Suppose we have two continous functions $f:\mathbb{R} \to \mathbb{R}$ and $g:\mathbb{R} \to \mathbb{R}$ that have $n$ and $k$ zeros respectifly. Let $h=f*g$ (convolution) with $m$ number of zeros. Can we say someting about the relationship between $ m$ and $(n,k)$? For exmaple, is it true that $m \le n+k$?

Answer 1

Without further requirements there is no such simple relation.

Case 1: take $f$ integrable with zero integral (you can do this with $f$ taking the value zero just once), and $g=1$. Then $f*g=0$, therefore $m=\infty,n=1,k=0$.

Case 2: take $f$ with compact support, non-zero integral, and $g=1$. Then $f*g=\|f\|_1>0$, therefore $m=0,n=\infty, k=0$.

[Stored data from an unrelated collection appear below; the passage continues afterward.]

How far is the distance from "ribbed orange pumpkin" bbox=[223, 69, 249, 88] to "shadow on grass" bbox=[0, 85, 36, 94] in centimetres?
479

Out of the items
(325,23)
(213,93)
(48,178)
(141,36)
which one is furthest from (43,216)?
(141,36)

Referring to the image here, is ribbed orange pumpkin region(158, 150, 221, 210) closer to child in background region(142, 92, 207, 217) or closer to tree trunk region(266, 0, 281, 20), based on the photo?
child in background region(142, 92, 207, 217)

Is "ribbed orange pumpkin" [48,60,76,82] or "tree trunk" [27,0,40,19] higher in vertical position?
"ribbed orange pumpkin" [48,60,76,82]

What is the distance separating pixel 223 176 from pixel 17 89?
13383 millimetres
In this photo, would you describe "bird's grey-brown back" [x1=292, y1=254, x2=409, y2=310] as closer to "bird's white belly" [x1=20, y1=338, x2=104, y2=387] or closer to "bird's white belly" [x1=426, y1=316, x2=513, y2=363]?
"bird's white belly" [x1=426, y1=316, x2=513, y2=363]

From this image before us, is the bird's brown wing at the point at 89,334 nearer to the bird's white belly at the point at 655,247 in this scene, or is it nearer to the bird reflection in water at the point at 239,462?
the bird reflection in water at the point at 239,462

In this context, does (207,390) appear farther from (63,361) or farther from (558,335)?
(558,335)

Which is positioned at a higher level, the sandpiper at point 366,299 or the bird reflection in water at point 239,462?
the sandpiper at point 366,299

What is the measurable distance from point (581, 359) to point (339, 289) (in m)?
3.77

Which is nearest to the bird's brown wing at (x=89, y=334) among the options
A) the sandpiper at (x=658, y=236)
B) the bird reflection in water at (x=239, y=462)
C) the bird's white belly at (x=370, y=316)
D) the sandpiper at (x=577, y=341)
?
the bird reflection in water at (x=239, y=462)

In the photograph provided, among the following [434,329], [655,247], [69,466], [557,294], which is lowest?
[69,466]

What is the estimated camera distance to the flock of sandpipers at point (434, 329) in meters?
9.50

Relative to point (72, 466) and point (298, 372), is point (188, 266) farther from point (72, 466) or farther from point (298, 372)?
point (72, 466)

The only relation that comes to my mind is the following: if both $f$ and $g$ never take the value zero, then neither does $f*g$, because $f$ and $g$ do not change sign and because a positive (resp. negative) function has positive (resp. negative) integral.

EDIT: You can have $m=2d+1,n=1,k=0$, where $d\in\mathbb N$. I'll sketch the construction.

1) Consider the function $f=\chi_{(-1,0)}-\chi_{(0,1)}$ (this has an infinite number of zeros, but we will modify it later). Take $g$ of the form $$g(x)=1+\sum_{i=1}^{d}\chi_{\left(0,1\right)}(x-10i)$$ which is made of $d$ bumps, separated by a distance $10$ (this particular value is not important, it's just so that when taking the convolution with $f$, if one bump "interact" with $f$ the others don't). The $1$ in the front is to make $g$ strictly positive, and doesn't change the convolution with $f$ because the latter has zero integral.

2) The convolution $f*g$ will be $-1$ at the points $-(10i+\frac12)$ and $+1$ at the points $-(10i-\frac12)$, with $i=1,\ldots, d$. By continuity between them there must be a zero.

3) Now modify both $f$ and $g$ a bit, making them continuous and making $f$ positive. For example take the convolution (!) with a kernel $\eta_\varepsilon\in C(\mathbb R)$, built starting from $\eta\in C(\mathbb R)$ with integral one, strictly positive, symmetric, strictly radially decreasing, and setting $\eta_\varepsilon(x)=\frac{1}{\varepsilon}\eta(\frac{x}{\varepsilon})$.

If $\varepsilon$ is sufficiently small all the desired properties will still hold, but now $f$ will be zero only at the origin.